▶ _How to complete this task_:
Copy nothing before the line containing "PAWZ Road 32". Reproduce that line and all that follow, exactly, through the end of the records.

▶ _Data in this exercise_:
--------------------------------
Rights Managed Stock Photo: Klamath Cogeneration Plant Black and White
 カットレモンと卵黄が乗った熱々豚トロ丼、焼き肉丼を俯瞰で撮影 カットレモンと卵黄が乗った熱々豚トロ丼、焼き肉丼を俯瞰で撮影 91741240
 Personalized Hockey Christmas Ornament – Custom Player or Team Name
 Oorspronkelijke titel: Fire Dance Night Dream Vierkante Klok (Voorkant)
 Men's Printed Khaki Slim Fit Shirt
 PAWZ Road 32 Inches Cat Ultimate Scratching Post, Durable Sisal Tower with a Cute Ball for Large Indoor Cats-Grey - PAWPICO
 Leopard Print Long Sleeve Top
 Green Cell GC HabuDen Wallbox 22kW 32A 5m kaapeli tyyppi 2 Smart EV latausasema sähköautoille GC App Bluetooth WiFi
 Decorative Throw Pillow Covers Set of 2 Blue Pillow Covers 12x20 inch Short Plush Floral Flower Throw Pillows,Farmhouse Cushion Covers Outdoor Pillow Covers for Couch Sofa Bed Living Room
--------------------------------
▶ _Solution_:
 PAWZ Road 32 Inches Cat Ultimate Scratching Post, Durable Sisal Tower with a Cute Ball for Large Indoor Cats-Grey - PAWPICO
 Leopard Print Long Sleeve Top
 Green Cell GC HabuDen Wallbox 22kW 32A 5m kaapeli tyyppi 2 Smart EV latausasema sähköautoille GC App Bluetooth WiFi
 Decorative Throw Pillow Covers Set of 2 Blue Pillow Covers 12x20 inch Short Plush Floral Flower Throw Pillows,Farmhouse Cushion Covers Outdoor Pillow Covers for Couch Sofa Bed Living Room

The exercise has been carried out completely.